Calculating Pi Electron Count with Huckel Rule

[snshusat161]

I was studying Huckel Rule. And I stuck on one of the point.

(iv) The total number of pi electrons in the molecular species or ion should be 4n + 2 where n = 0, 1, 2, ...... etc.


But I don't know how to calculate the number of pi electron. Do you have any idea about it.

 

[Borek]

You need to know structure of the molecule and types of bonds between atoms. If you know the first, the second should be a breeze.

--
methods

 

[snshusat161]

I know there are three types of bonds i.e., single bond, double bond and triple bond. I'll also have structure. for instance take the structure of benzene. Now how to calculate the number of pi electrons?

 

[Char. Limit]

Well, you know that it's going to equal 4n+2 for some integer n.

Then you can just count them, as long as you know the structure.

Take Benzene... the structure has been ingrained into my head by now, might be the same for you. How many pi electrons does it have?

Spoiler

Hint: How does bonding work between carbons?

 

[Rohit Mallya]

6 pi electron in Benzene..!

 

[Rohit Mallya]

and in Huckle's rule n=1.

 

[snshusat161]

[PLAIN]http://csrchem2005.bootsglobal.com/library/benzene.gif[/CENTER]

Here is the structure for benzene.
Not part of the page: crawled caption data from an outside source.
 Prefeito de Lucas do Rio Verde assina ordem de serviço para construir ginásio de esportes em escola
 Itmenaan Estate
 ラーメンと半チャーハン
Rohit, I know that benzene has 6 pi electron but I need to know how to calculate it. Benzene is the simplest structure in our course and I'm going to face lot more complicated structures so I need to know the exact method to calculate not the theoretical data.​

 

[snshusat161]

I can see that there are three double bonds so should I think that each double bond contribute two pi electron to molecule?

 

[Borek]

6 pi electron in Benzene..!

and in Huckle's rule n=1.

Do you think you have helped OP? I doubt.
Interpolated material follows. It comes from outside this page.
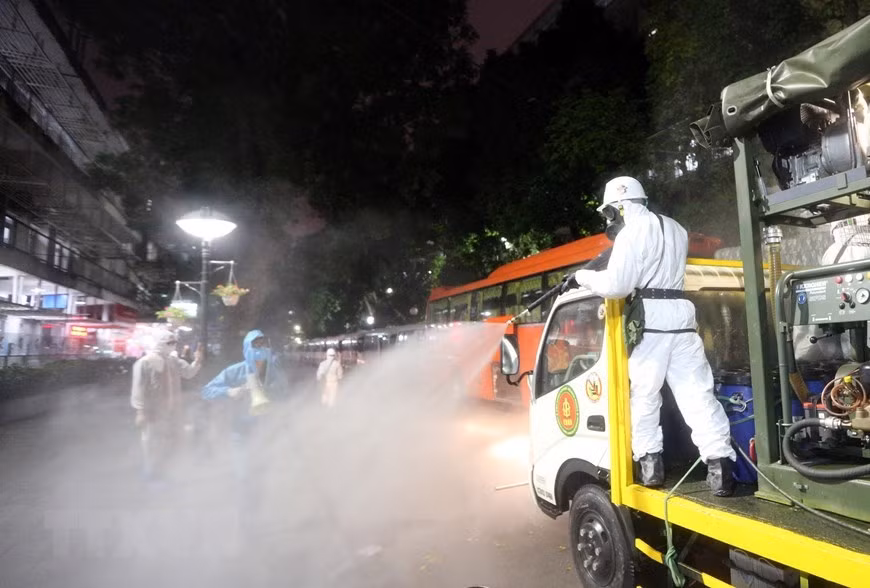 Se utilizan vehículos especiales para desinfectar el Hospital Bach Mai, en el distrito de Dong Da (Foto: VNA)
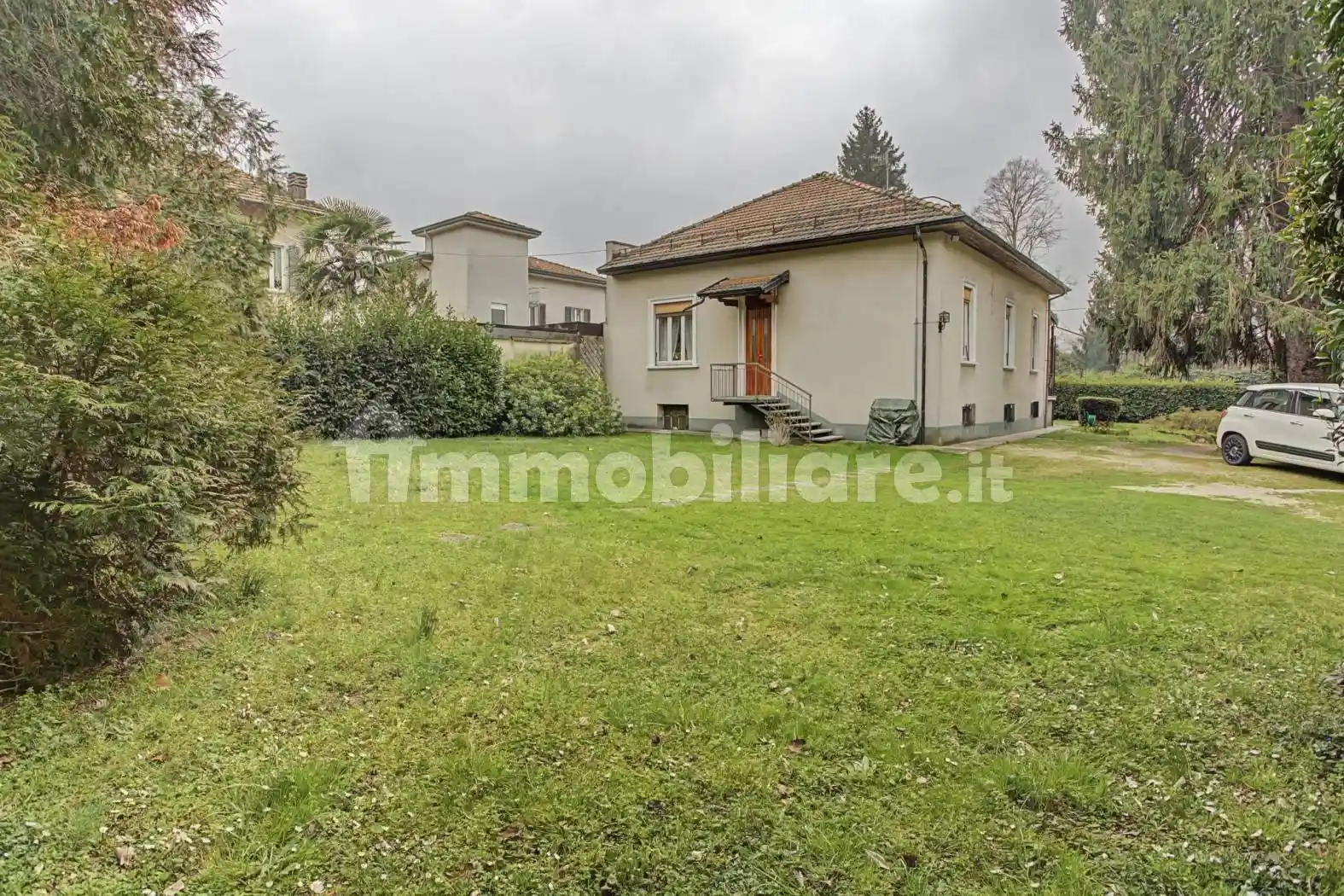 Villa in vendita a Arcisate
Do you care to explain how you calculated pi electrons in benzene to give an example?

 

[Rohit Mallya]

Oh Borek Sir I didn't mean to say that...!
Very Sorry Sir :(
One double bond is equivalent to 2 pi electrons so 3[double bonds]*2[electrons] = 6 pi electrons

 

[Rohit Mallya]

Yes you are correct snshusat161..!

 

[Char. Limit]

I can see that there are three double bonds so should I think that each double bond contribute two pi electron to molecule?

Careful, though, the double bonds that are part of the conjugated system are the only ones that count towards Hückel's Rule.
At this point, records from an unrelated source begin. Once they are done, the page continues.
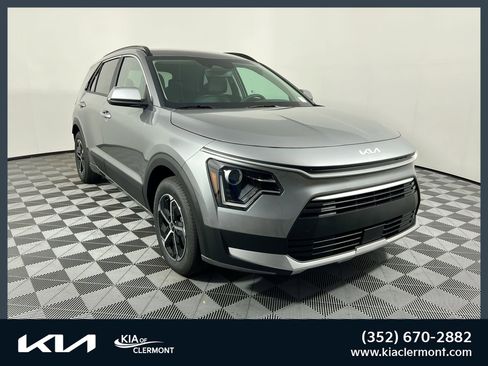 New 2025 Kia Niro SX image 1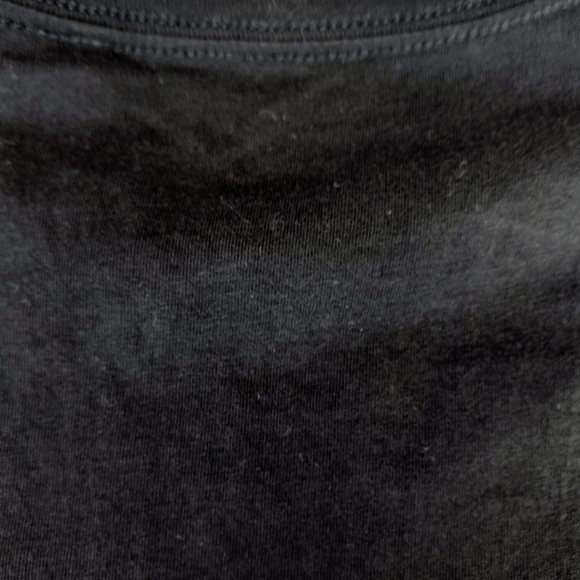 Guess Men's Large short sleeve triangle Tshirt. Black, orange, and gold. - Picture 9 of 9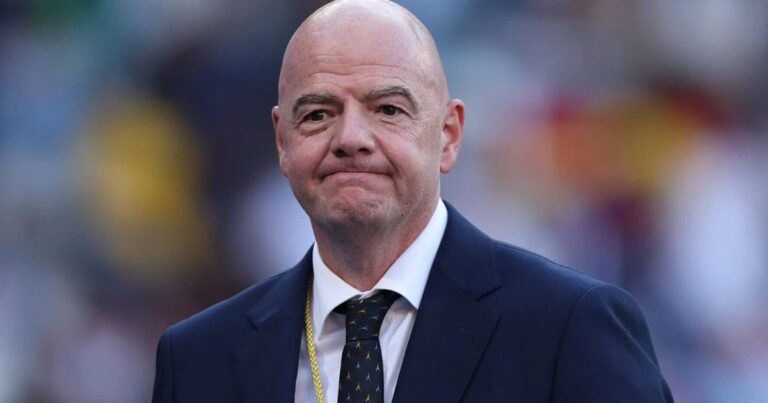 Infantino calls emergency meeting with broadcasters over lack of FIFA Club World Cup deal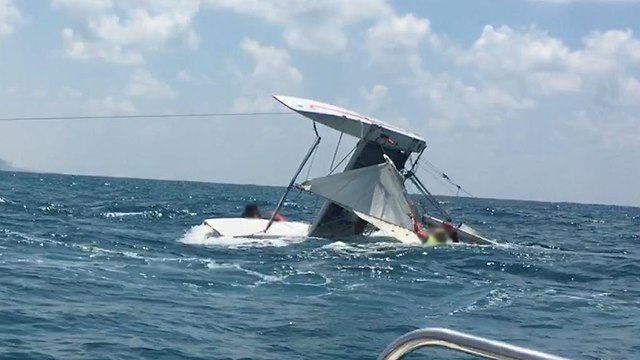 catamaran capsize recovery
So, if you had an ethylene group on the benzene, that wouldn't count towards Hückel's Rule.

 

[snshusat161]

Careful, though, the double bonds that are part of the conjugated system are the only ones that count towards Hückel's Rule.

So, if you had an ethylene group on the benzene, that wouldn't count towards Hückel's Rule.

Do you mean Huckel's Rule is applicable only to planar molecules. And what bout triple bond. How many pi electrons are there?

 

[snshusat161]

since 2 bonds contribute two pi electron so three bonds must contribute 3 pi electron but single bond doesn't contribute 1 pi electron so I think both the pi electrons are from the second bond in double bond. So triple bond must contribute 4 pi electron. Am I right?

 

[Char. Limit]

since 2 bonds contribute two pi electron so three bonds must contribute 3 pi electron but single bond doesn't contribute 1 pi electron so I think both the pi electrons are from the second bond in double bond. So triple bond must contribute 4 pi electron. Am I right?

Actually, no.

It has to do with the configuration of the third bond in the triple bond. The second bonds all stick "up" from the main molecule. This allows them to lie in the same plane. The third bonds stick "out" from the main molecule, and thus can't lie in the same plane.

So a triple bond contributes 2 pi electrons.

 

[snshusat161]

Thanks Char. Limit!
You mean that the compounds containing triple bonds are not planar? This means that I can't use Huckel's Rule with compounds containing triple bond.

 

[Char. Limit]

Thanks Char. Limit!
You mean that the compounds containing triple bonds are not planar? This means that I can't use Huckel's Rule with compounds containing triple bond.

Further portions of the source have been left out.